The first part of the article discussed the differences between the proposed and final rules of the Department of Labor affecting the new Program Electronic Review Management (PERM) program which will come into effect on March 28, 2005. We partly answered the question of whether to wait and file under the PERM program or to file under the present traditional or reduction in recruitment (RIR) labor certification procedures. This portion will explore the interplay of labor certification applications with immigrant visa quotas and point out why even illegal aliens who cannot possibly immigrate under present immigration laws may wish to consider filing for labor certifications anyway.

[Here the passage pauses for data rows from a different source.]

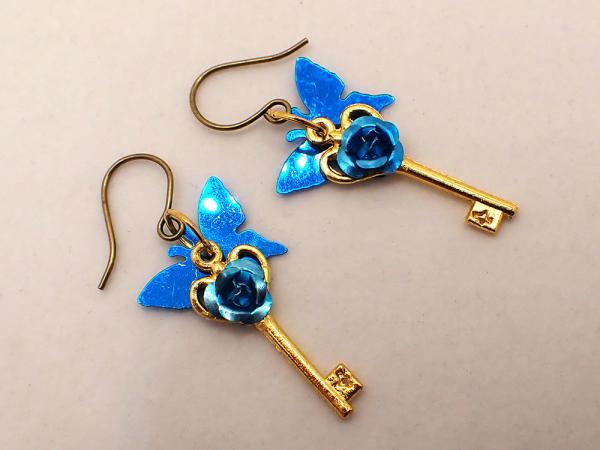 Tiny Key Earrings with Sequins and Metal Rosettes picture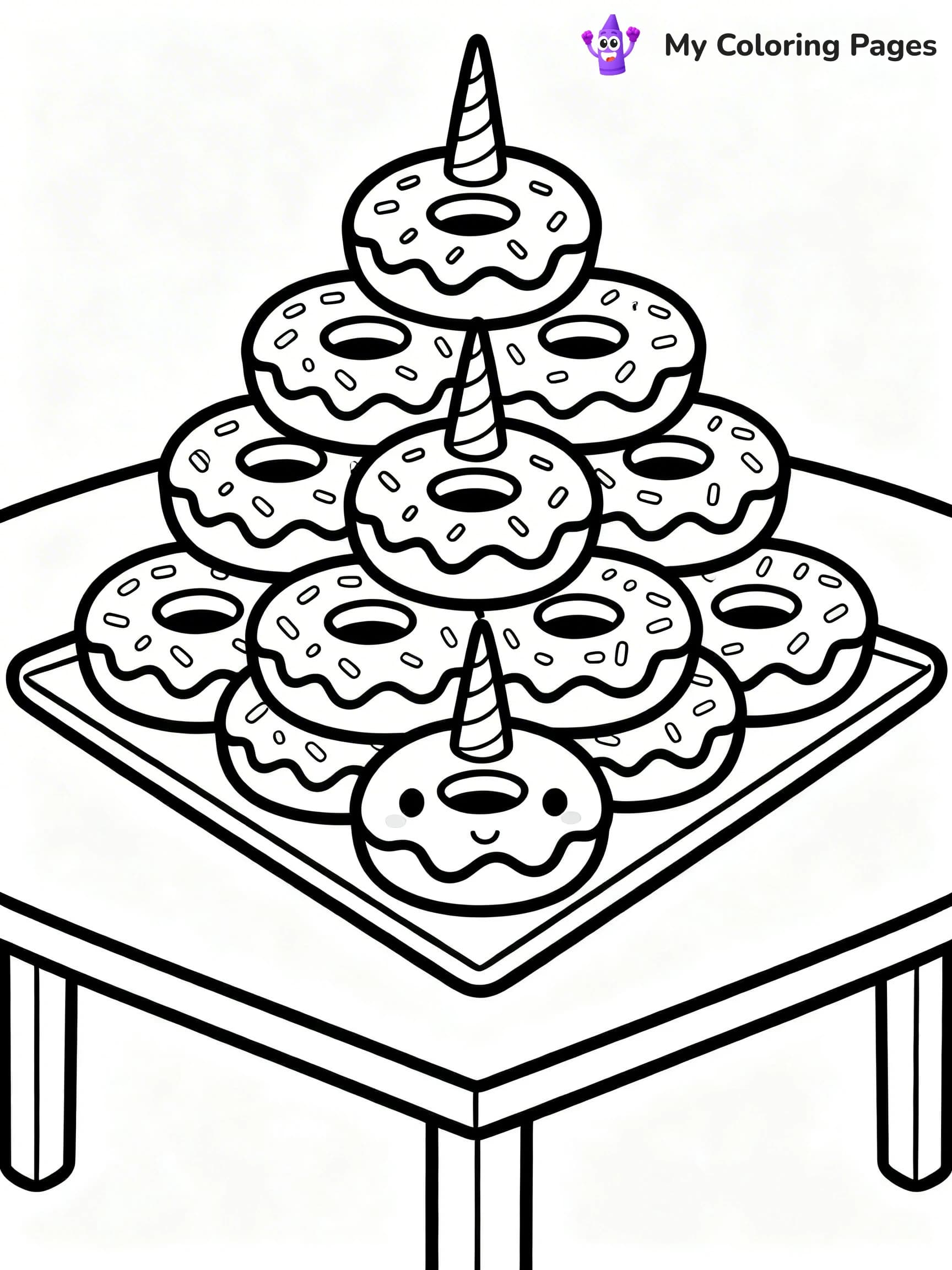 Unicorn Donut Coloring Pages - 24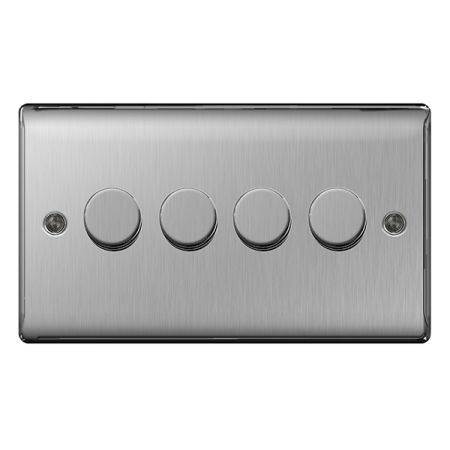 BG Nexus Metal Brushed Stainless Steel 4 Gang 2 Way Push Type 400W Dimmer Switch | NBS84P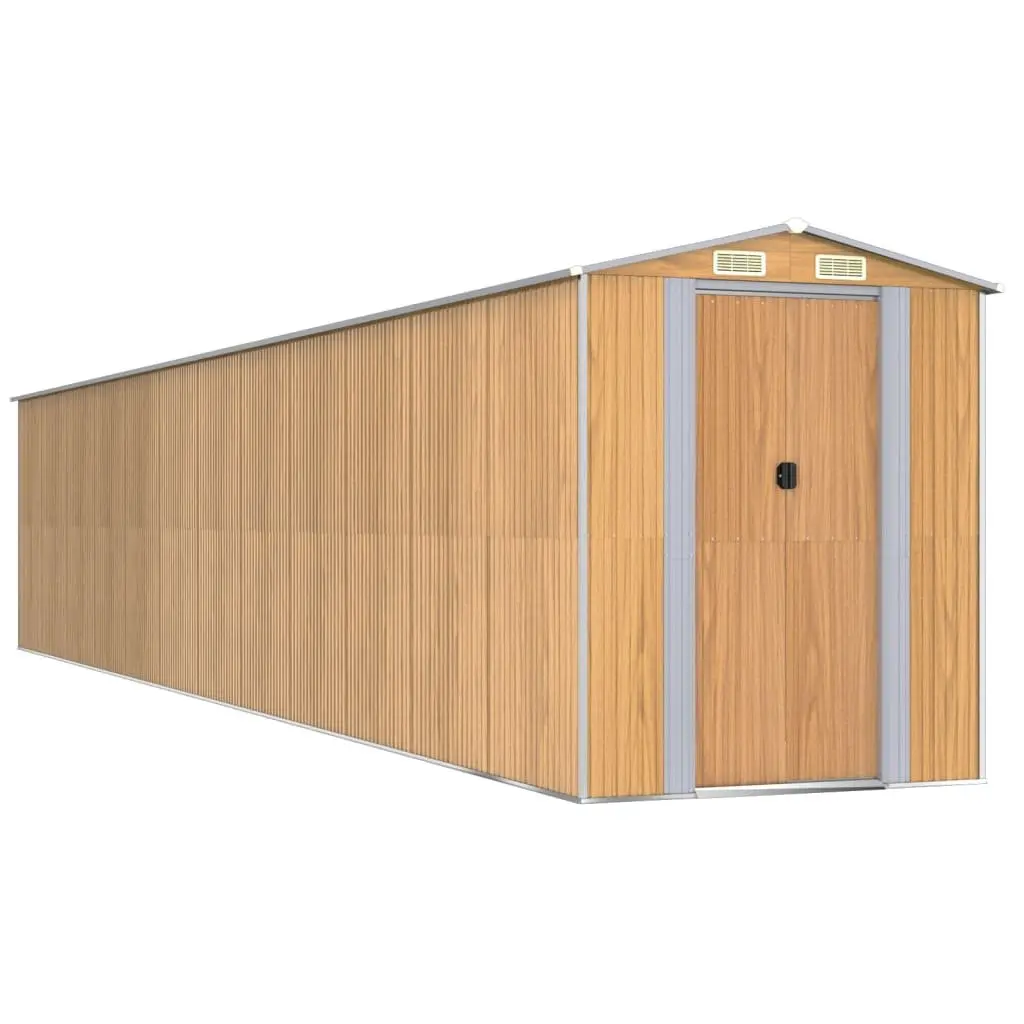 Garden Shed Brown Metal Double Sliding Doors 192 x 102 x 223 cm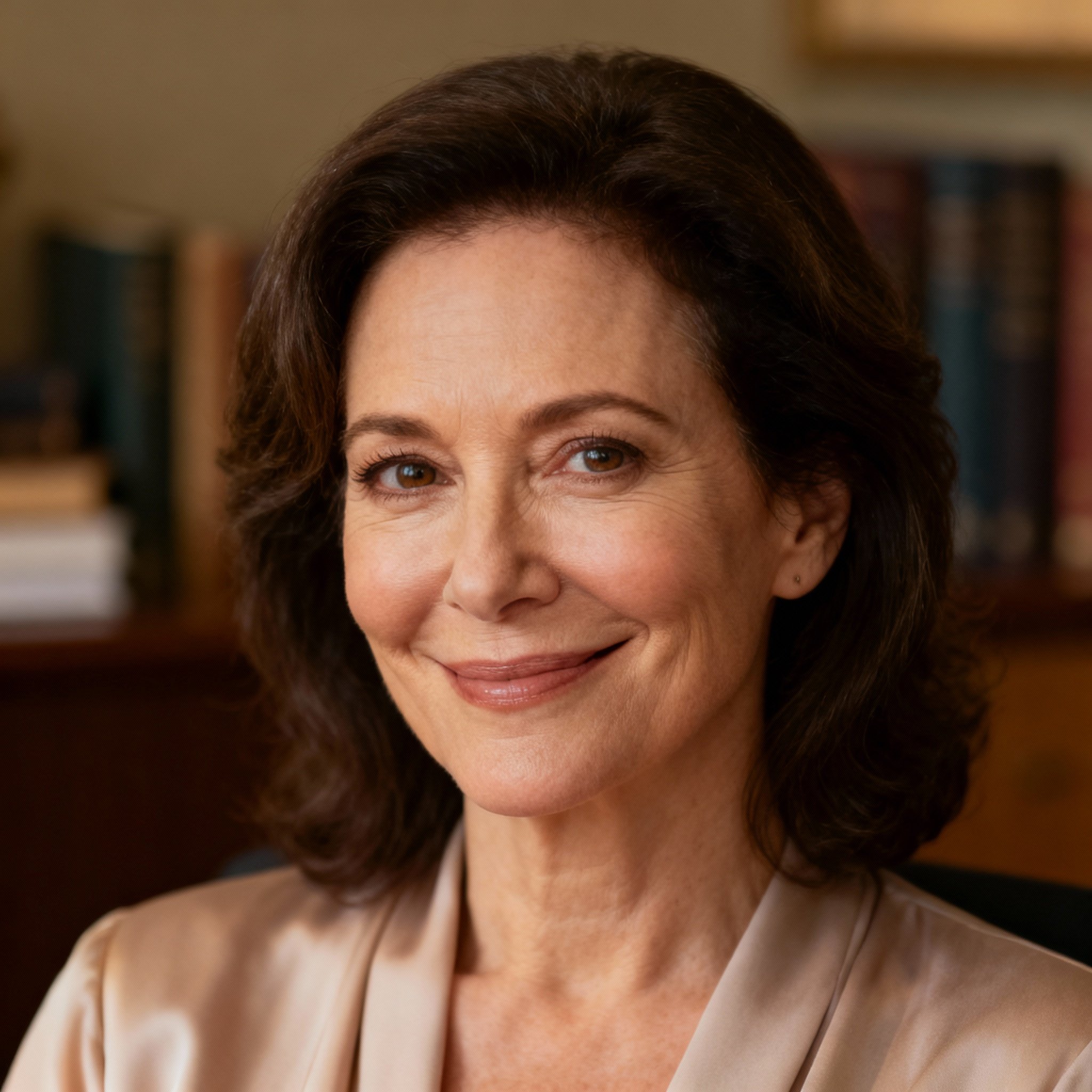 A close-up portrait of a wise and compassionate female psychic. She is around 45, with kind eyes and a warm, reassuring smile, creating an atmosphere of trust and professionalism.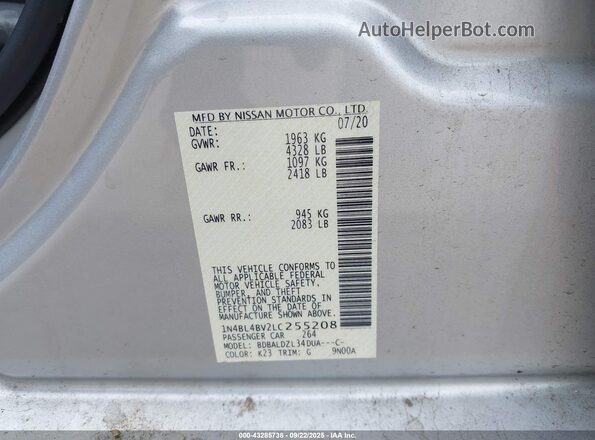 1N4BL4BV2LC255208 2020 NISSAN ALTIMA Pewter Вид подкапотного пространства
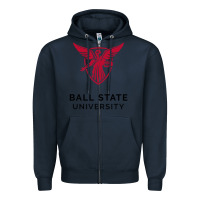 Navy ball.state.university.merch Zipper Hoodie - ArtChic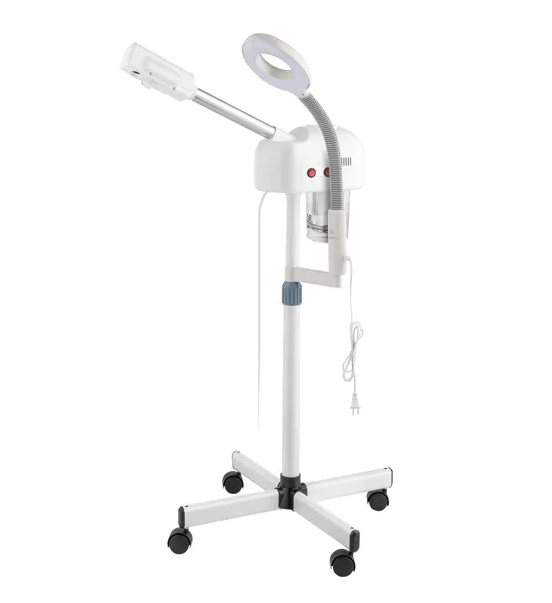 Vaporisateur facial professionnel blanc réglable avec lampe de grossissement 3×, doté d’un bras col-de-cygne flexible, d’une tête de lampe de grossissement circulaire et de deux dispositifs d’éclairage.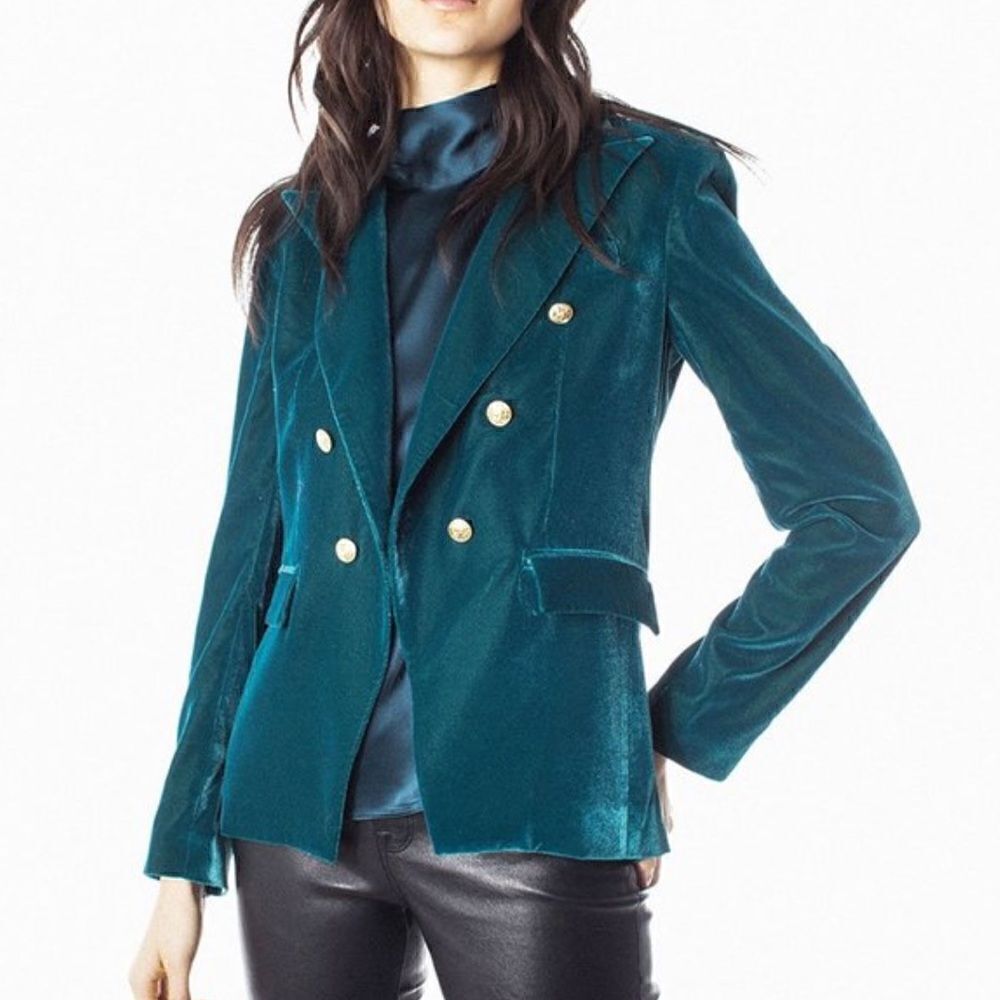 GENERATION LOVE, SAVANNAH VELVET DOUBLE-BREASTED BLAZER IN TEAL, like new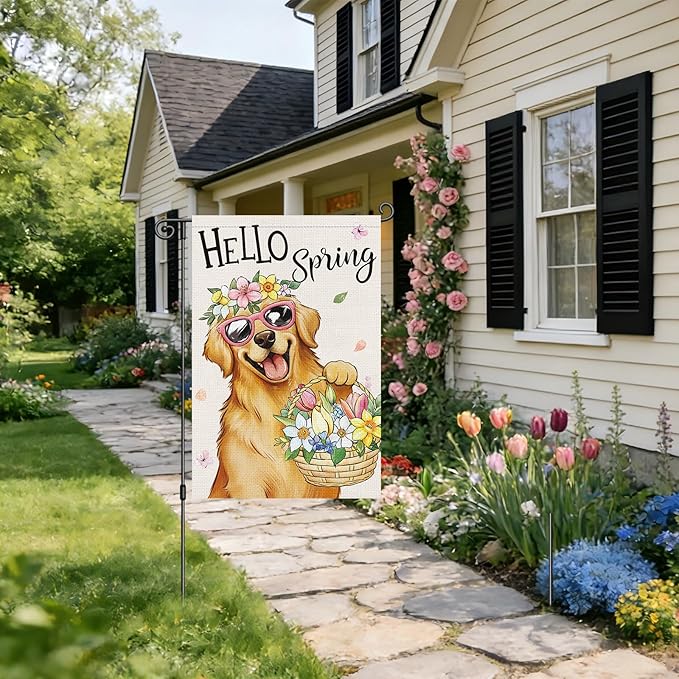 Heyfibro Hello Spring Golden Retriever Garden Flag 12x18 Inch Double Sided Spring Flowers Garden Flag Small House Flags for Outside Yard Farmhouse Holiday Seasonal Outdoor Decorations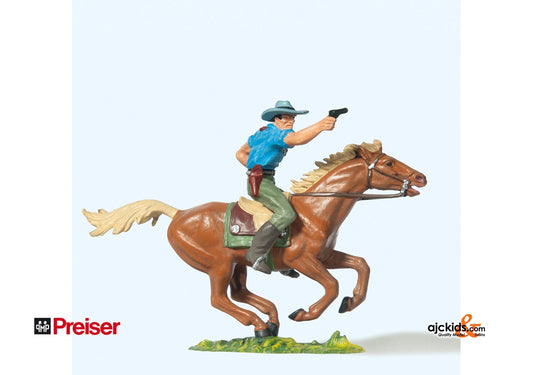 Preiser 54819 Cowboy on run blk horse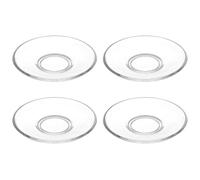 Small Glass Plates, 4Pcs Clear Glass Plates 3.5 Inch Round Small Glass Plates Washable Reusable Multi-Purpose Saucer for Tea, Dessert, Snack, Glass Plate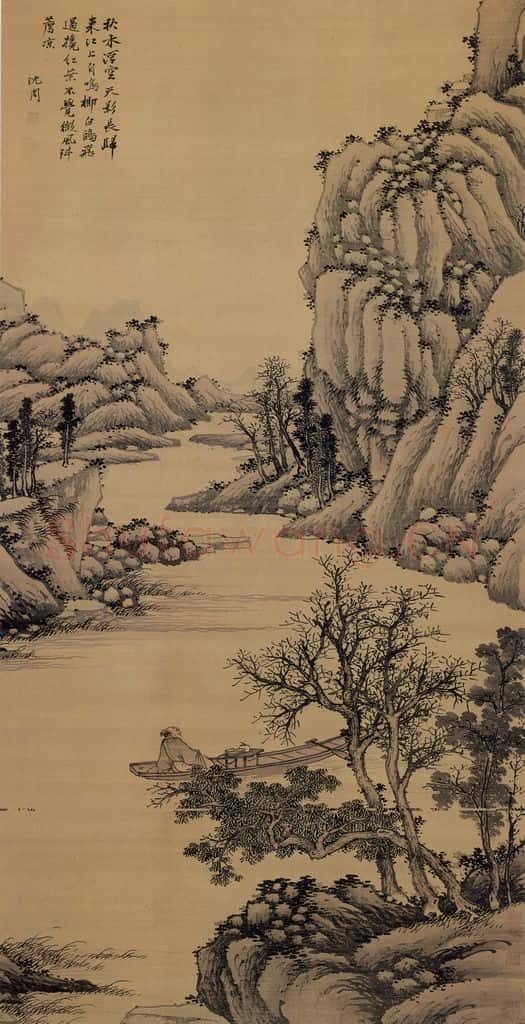 明 沈周《沈周秋泛图轴》书画作品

One would suppose that a PERM application is always the answer if the prime concern of the organization and alien is speed. However, it must be remembered that the labor certification is only part of an immigration case. In order to be approved for immigration, the priority date (date of filing with the SWA or Department of Labor (PERM cases)) must be current under the Department of State's visa bulletin. Currently there are backlogs with individuals applying under the employment third category (EB-3) for China, India and Philippines born. (The EB-3 category is available for positions requiring either 2 years of working experience or a bachelor's degree).

From speaking with the Department of State (DOS), the quota situation for EB cases will improve as this fiscal year goes on, but will most likely worsen afterwards.

CHINA:
The DOS does not expect that EB-3 priority dates will become current for China or India born at any time soon. This appears to leave the probability that many individuals from these two countries with approved PERM certifications will not be able to immediately file concurrent applications for I-140/I-485 benefits in the EB-3 category. (An I-140 Immigration Petition for Alien Worker and I-485 Application to Register Permanent Residence or to Adjust Status, the next 2 steps in the process for individuals seeking to obtain permanent residence without leaving the country, can usually be filed together at the Regional Service Center Office of USCIS to expedite processing). We can also envision an increasing spike of cases beginning in May as more knowledge is accumulated about the PERM program, recruitment is done, and applications submitted to the Department of Labor. In this situation, individuals who have priority dates by May 2005 may ultimately benefit much more than persons filing afterwards. Given those parameters, workers from those 2 countries in the EB-3 category should strongly consider filing RIR labor certification applications at this time.

OTHER COUNTRIES:
For countries not already backlogged, our guess is that there will be sufficient numbers to keep the EB category current in the near future, or if not, that the available pool numbers at the end of this fiscal year will bring worldwide EB preferences back to current in the first part of fiscal year 2006 (beginning October 2005). (Our reason for optimism in FY2005 and the beginning of FY2006 is that we do not believe that the U.S.C.I.S. will reach its stated goals and send as many EB adjustment of status cases to the DOS as it has projected). However, the projections for the rest of fiscal year 2006 are not good according to the State Department. In looking at the numbers provided by DOS (as per our conversation with DOS on 12/29/04), we envision that, given the worst figures by DOS as to the number of EB cases being held in the U.S.C.I.S. service centers, there will be need for at least 200,000 EB numbers for FY-2006. Given that the annual quota is only 140,000 + unused family based numbers, the worldwide date will also backlog. The only reason why it would not would be the USCIS service centers shifting their direction away from backlog reduction for adjustment of status cases, and stop their sending of excessive EB demand to the Department of State. Under the above scenario, persons from other countries may consider a quick filing of PERM applications so that concurrent filings of I-140/I-485 may be done by the end of this fiscal year, but they should be prepared to accept the fact that they may have to wait a period of time for their final adjudications if the quota backlogs after their I-485 applications have been submitted.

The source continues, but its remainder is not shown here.